Dechert LLP

Highlights

  • The Nondebtor Release Prohibition Act was submitted to the House for a full vote on November 3, 2021.
  • The Bill seeks to end the discharge of liabilities for non-debtors in bankruptcy and stop the use of “divisive mergers” as a means of assigning away massive liabilities. 
  • If passed, the bill would outlaw plans containing non-consensual third-party release of non-debtors and limit companies from utilizing bankruptcy in concert with the assignment of mass liabilities to newly formed subsidiaries.

Introduction

Last week, the House Judiciary Committee voted to send the Nondebtor Release Prohibition Act of 2021 to the floor of the house for vote. If passed, the bill would introduce two major amendments to the Bankruptcy Code. As foreshadowed by its title, the bill seeks to end the ability of non-debtor parties from obtaining a release in a Chapter 11 case of their affiliated entity. The bill would also terminate the use of “divisive mergers” in Chapter 11, a corporate reorganization tool made available by Texas and Delaware that allows companies to assign liabilities to a subsidiary that can then seek the protective auspices of bankruptcy.

Third-Party Release

Third-party releases, and especially nonconsensual third-party releases in Chapter 11 plans, have been a sticking point for at least a decade. In almost every large (and even not so large) case, the debtors include some version of a third-party release provision which garners objections from affected creditors and the office of the United States Trustee. The U.S. Trustee has been consistently objecting to these provisions in cases across the country, arguing that they violate the Bankruptcy Code (and the Constitution). Nonetheless the majority of lower courts approve them as does the majority of the Circuit courts. 
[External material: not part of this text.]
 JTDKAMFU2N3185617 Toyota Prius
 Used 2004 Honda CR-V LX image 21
The bill would introduce section 113 to Chapter 1, Title 11 of the United States Code. The new section provides three major changes to the Bankruptcy Code. First, § 113(a) would restrict a court from approving any provision in a “plan of reorganization or otherwise” that discharges or modifies the liability of a non-debtor entity. Second, § 113(b)(5) includes would produce a carve-out to subsection (a), whereby the court is reserved the power to approve the “disposition of a claim or cause of action” of a non-debtor to the extent that each non-debtor affected by a proposed release consents in writing to the release and the consent or lack thereof does not affect its treatment under the plan. 
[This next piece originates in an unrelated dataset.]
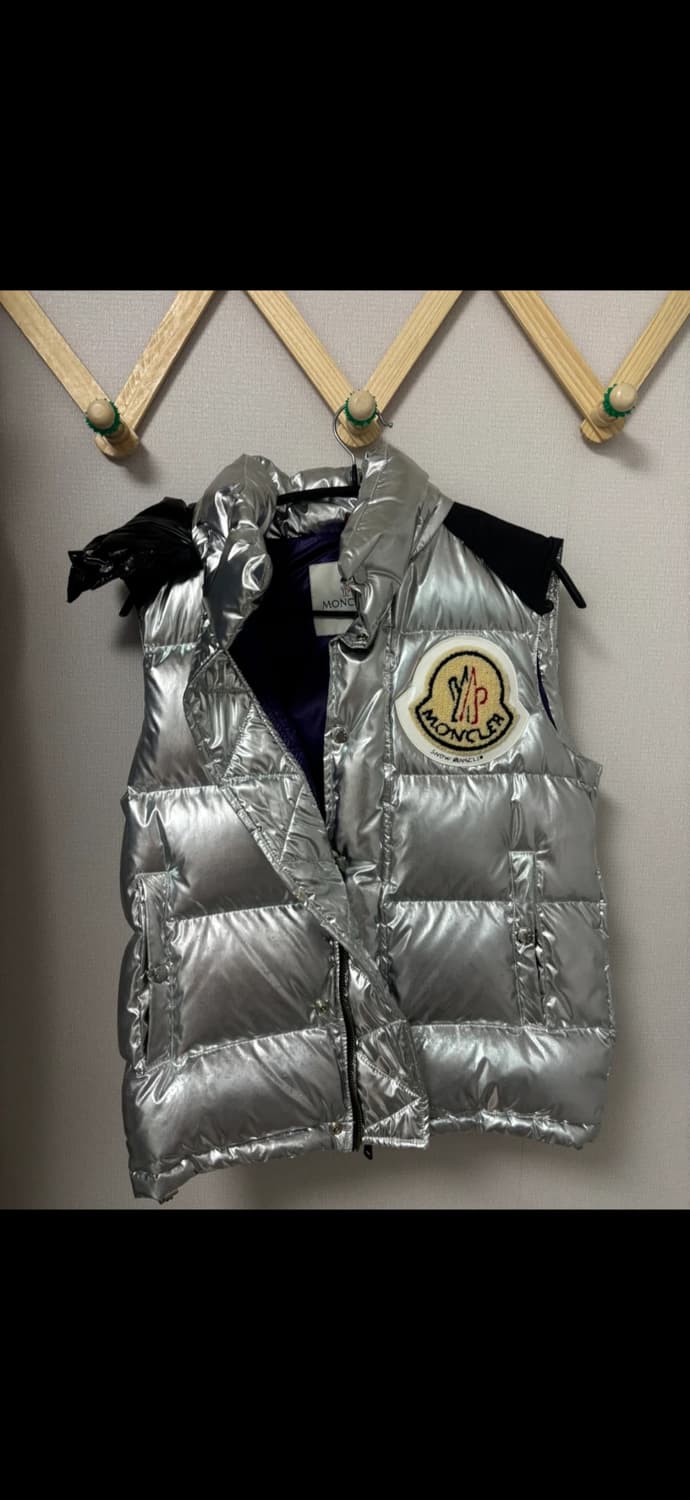몽클레어 실버 패딩 조끼 상품이미지1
Finally, § 113(c) limits the effect of any order or decree under Chapter 11 temporarily staying the commencement or continuation of a proceeding against a non-debtor to 90 days except on the affected creditors’ consent.

Texas Two Step

In the last year or so, several companies created newly formed subsidiaries, to absorb mass litigation liabilities and filed for bankruptcy. The internal restructuring named “Texas Two Step” gets its name thanks to the Texas divisive merger statute which permits an entity to split itself into one or more entities and assign certain assets and liabilities to one of these newly created entities. A divisive merger is similar to a traditional merger in a sense that the agreement and plan of merger must clearly identify the assets and liabilities allocated to each entity involved and no actual assignment document is required. Subsequently, the entity holding such liabilities files Chapter 11 in an effort to achieve a global resolution of the claims, including a stay of litigation and a non-consensual third-party release of all claims against, its non-debtor affiliates. 
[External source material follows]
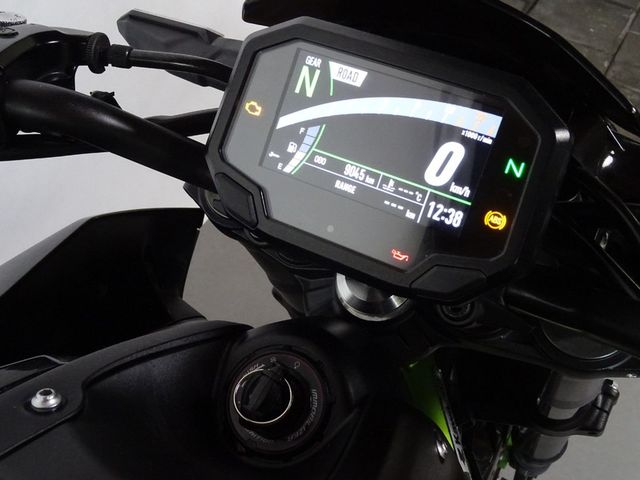 kawasaki - z900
Under the proposed amendment to 11 U.S.C. § 1112, a court should dismiss a Chapter 11 case if the debtor or its “predecessor” was subject to, “formed[,] or organized in connection with a divisional merger or equivalent transaction” which “had the intent or foreseeable effect of separating material assets from material liabilities” and “assigning or allocating all or a substantial portion of those liabilities to the debtor” during the ten year period before the date of filing the petition.

Conclusion  

While there is a lot of wood to chop before the bill or any of its provisions become law, one should take note of Congress’s awareness of developments in bankruptcy practice and the tools being utilized by the bankruptcy process to accomplish the successful reorganization of financially troubled companies. While Congress is focusing on practices some of its members view as unacceptable, Congress will be well advised to proceed with caution. Troubled companies, including those with mass tort liabilities and other claims giving rise to crushing litigation costs and seemingly endless assault on the judiciary’s time and resources, should be able to avail themselves of the flexible tools required to accomplish a successful reorganization, with the bankruptcy court serving as a gatekeeper protecting all interests at play. Congress should be careful to not throw out the baby with the bath water.